Bezirk (Ottakring) von Wien. Die
schlechte finanzielle Situation veranlasste seine Großeltern
1935, gemeinsam mit dem damals 4-jährigen Thomas von Wien nach Seekirchen
am Wallersee, ganz in die Nähe
des Geburtsortes von Großvater und Vater, Henndorf, zu ziehen.[6]
Die Zeit dort beschrieb Bernhard im
Rückblick als die glücklichste seines Lebens. Seine Mutter
heiratete 1936 ebenfalls in Seekirchen den Wiener
Friseurgesellen Emil Fabjan; mit ihm und ihrem Sohn übersiedelte
sie 1937 nach Traunstein in
Oberbayern, wenige Kilometer jenseits der Salzburger Grenze.
Nationalsozialistische Erziehung
1941 wurde Bernhard in ein nationalsozialistisches Erziehungsheim in Saalfeld geschickt.

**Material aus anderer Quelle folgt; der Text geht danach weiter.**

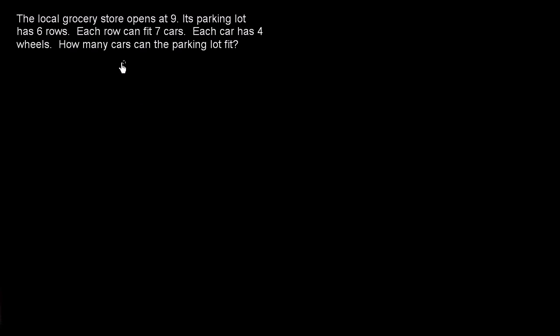So let's reread this. The local grocery store opens up at 9. Well, that doesn't really matter if we're thinking about how many cars the parking lot can fit. So we don't really have to care about that.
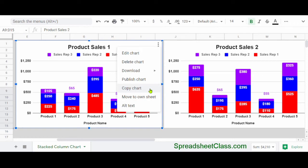but you're still going to have to press control and V on the keyboard to paste the chart. So if you want to use the copy chart option, simply click on the chart once, click the three dots at the top, and then click copy chart.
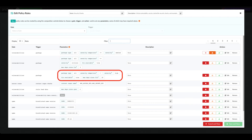Here we see a similar rule that applies to only those vulnerabilities with the severity of high. In this case, 20 days are allowed after the fix becomes available before the stop action is triggered.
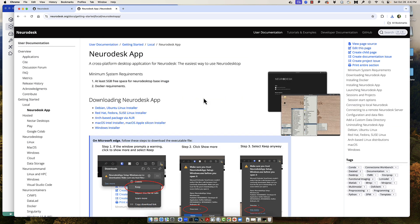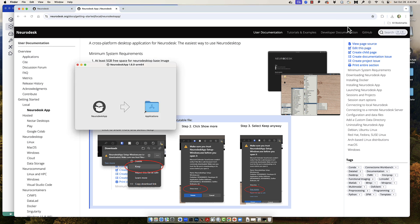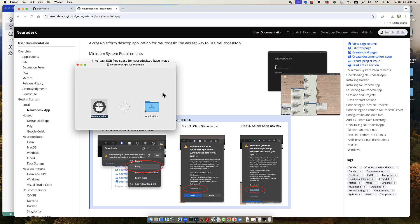Click on the link appropriate to your machine — in my case, the Mac OS Apple Silicon installer. Wait for it to download, and then just like with Docker, open it up and make sure it's running.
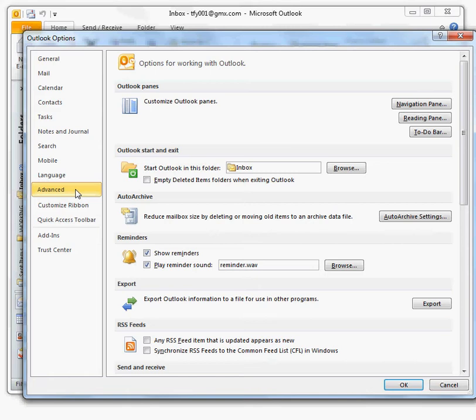In the Outlook Start and Exit section, set the Empty Deleted Items Folder when exiting Outlook checkbox.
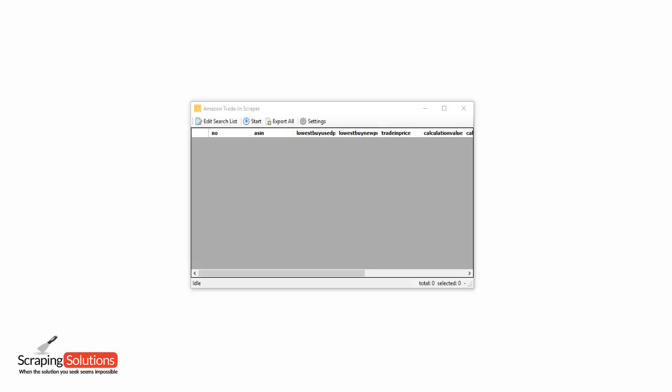Hi there, in this video we're going to have a look at the Amazon Trade-In Scraper by Scrapingsolutions.com.au. The purpose of this software is to scrape Amazon products, used prices and trade-in prices for each product to identify profitable arbitrage opportunities.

Man hatte in der Familie das von einer Sozialbetreuerin
empfohlene salzburgische Saalfelden,
wo er sich erholen sollte, mit dem thüringischen Saalfeld
verwechselt. Die in Saalfeld gemachten traumatischen Erfahrungen
beschrieb Bernhard in seiner Autobiografie. Ab 1943 war er im
NS-Internat „Johanneum“ in Salzburg untergebracht.
Hier ermöglichte ihm sein Großvater Violinunterricht bei Georg
Steiner, einem Mitglied des Mozarteum-Quartetts. Nach
schweren Bombenangriffen auf Salzburg kehrte er zunächst nach
Traunstein zurück, erst nach Kriegsende 1945 besuchte er wieder
das mittlerweile wie vor 1938 katholische „Johanneum“.
Nach 1945
1946 übersiedelte die ganze Familie
von Traunstein in den Salzburger Stadtteil Aiglhof in
die Radetzkystraße 47. Der Großvater setzte sich nachhaltig für
eine künstlerische Ausbildung Bernhards ein. 1946 endete seine
Schullaufbahn im Salzburger Humanistischen
Gymnasium; Bernhard brach die
Schule freiwillig ab und absolvierte von 1947 an eine Lehre als
Einzelhandelskaufmann in dem im Keller gelegenen Kolonialwarenladen von
Karl Podlaha in der Salzburger Scherzhauserfeldsiedlung,
einer Armensiedlung. Heute ist der Gang, wo der Laden lag,
nach Thomas Bernhard benannt. Er schilderte die Zeit seiner
kaufmännischen Ausbildung in Salzburg im autobiografischen Text Der
Keller, erschienen im Jahr 1976. Er ging damals, wie er
schrieb, „in die entgegengesetzte Richtung“. In seiner
Autobiografie bezeichnete er später die Institution „Schule“ als
„Geistesvernichtungsanstalt“.
Im Jänner 1949
bekam Thomas Bernhard eine tuberkulöse,
nasse Rippenfellentzündung,
die ihn beinahe das Leben kostete. Der geliebte Großvater lag
zur selben Zeit im St.-Johann-Spital und starb im Februar an
akutem Nierenversagen. Die Mutter starb im Herbst 1950 an Krebs.